According to the American Council for Drug Education, more than 70 percent of substance abusers hold a job, which increases their risk of work related injury to them or others. While this statistic includes abuse of both legal and illegal drugs, Quest Diagnostics, a diagnostic testing company, reported the use of prescription opiates by American workers and job applicants has increased by 40 percent since 2005.

The Florida Society of Interventional Pain Physicians (FSIPP), the group behind The Pain Truth, a statewide educational campaign dedicated to fighting prescription drug abuse; wants to educate employers and employees on ways to help reduce the risk of accidents precipitated by prescription addiction.

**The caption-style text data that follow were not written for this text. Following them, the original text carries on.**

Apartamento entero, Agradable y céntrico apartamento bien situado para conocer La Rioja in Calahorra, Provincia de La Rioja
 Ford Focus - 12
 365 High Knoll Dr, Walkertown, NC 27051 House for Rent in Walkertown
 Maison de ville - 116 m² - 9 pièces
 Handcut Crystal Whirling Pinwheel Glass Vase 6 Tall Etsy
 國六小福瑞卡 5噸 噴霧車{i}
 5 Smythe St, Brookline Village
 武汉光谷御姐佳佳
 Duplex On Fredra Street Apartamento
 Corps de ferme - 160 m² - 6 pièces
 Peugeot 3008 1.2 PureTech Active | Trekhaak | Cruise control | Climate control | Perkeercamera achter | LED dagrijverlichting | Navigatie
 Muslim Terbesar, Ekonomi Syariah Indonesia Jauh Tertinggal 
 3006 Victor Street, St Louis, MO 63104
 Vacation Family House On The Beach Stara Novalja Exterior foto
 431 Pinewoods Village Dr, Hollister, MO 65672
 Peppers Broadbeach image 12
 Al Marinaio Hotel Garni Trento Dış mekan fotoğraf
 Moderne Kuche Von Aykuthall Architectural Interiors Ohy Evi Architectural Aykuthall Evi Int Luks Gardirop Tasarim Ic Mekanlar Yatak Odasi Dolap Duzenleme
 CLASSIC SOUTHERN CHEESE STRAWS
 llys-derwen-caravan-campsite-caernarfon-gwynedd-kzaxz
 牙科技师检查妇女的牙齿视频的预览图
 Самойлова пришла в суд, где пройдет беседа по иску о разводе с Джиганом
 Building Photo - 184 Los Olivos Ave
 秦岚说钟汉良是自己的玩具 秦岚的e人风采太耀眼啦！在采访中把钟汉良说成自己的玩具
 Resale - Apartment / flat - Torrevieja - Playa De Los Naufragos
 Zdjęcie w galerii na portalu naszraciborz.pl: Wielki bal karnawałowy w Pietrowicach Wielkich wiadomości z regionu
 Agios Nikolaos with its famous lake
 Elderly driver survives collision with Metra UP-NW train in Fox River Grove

FSIPP pain physicians, located throughout the state, have drawn up some recommendations to help employers and employees raise awareness of prescription drug abuse in the workplace.

For employers:

-- Provide materials that will educate employees on the harmful effects of prescription drug abuse.
-- Be sure to have clearly stated rules in place outlining the disciplinary actions should prescription drug abuse be present in the workplace.
-- Train managers, human resource personnel, and others to identify and handle substance abusers.
-- Look for abuse among the workforce; some signs of abuse include increased absences, decreased productivity and involvement in accidents both on and off the job.

For employees:

-- Take responsibility—whether legal or otherwise, prescription pills do have side effects so be sure to be aware of the implications for both employee and employers if accidents do occur.
-- If affected by prescription drug addiction, take advantage of the programs and information available.

"Being under the influence of prescription drugs can hinder an individual's mindset especially when operating heavy machinery," said Deborah Tracy, MD, president of FSIPP. "Safety and precaution are important first steps to take in order to start turning the tide on this current downward trend."